Apenas nueve días después de la entrada en vigor de la obligatoriedad de la baliza V16, ya se han detectado los primeros fraudes relacionados con este nuevo sistema de señalización de averías y accidentes, vigente en España desde el 1 de enero de 2026.
La estafa aprovecha el funcionamiento de la baliza V16, que al activarse envía automáticamente la ubicación del vehículo averiado a la plataforma de la Dirección General de Tráfico (DGT). Este mecanismo, pensado para mejorar la seguridad vial y agilizar la asistencia en carretera, ha abierto también la puerta a prácticas fraudulentas.
Según detalla El Periódico, algunos operadores de grúas que no trabajan con aseguradoras localizan vehículos con la baliza activada y se presentan en el lugar de la incidencia sin haber sido requeridos ni por el conductor ni por su compañía. Ante una situación de estrés y vulnerabilidad, algunos conductores aceptan el servicio pensando que se trata de la grúa enviada por su aseguradora.
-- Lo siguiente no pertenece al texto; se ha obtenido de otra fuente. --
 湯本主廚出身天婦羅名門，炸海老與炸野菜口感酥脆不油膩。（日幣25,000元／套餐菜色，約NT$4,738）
El problema aparece más tarde, cuando el propietario del vehículo comprueba que el servicio no estaba autorizado. En estos casos, la aseguradora no se hace cargo del coste de la grúa, y el conductor debe asumir personalmente una factura que puede situarse entre los 100 y los 300 euros.
Desde el sector de los seguros detallan que el procedimiento habitual es que la compañía informe previamente al cliente de la llegada de la asistencia, facilitando datos como la matrícula o la identificación de la grúa. Por este motivo, se recomienda no aceptar ningún servicio de remolque sin confirmación directa por parte de la aseguradora.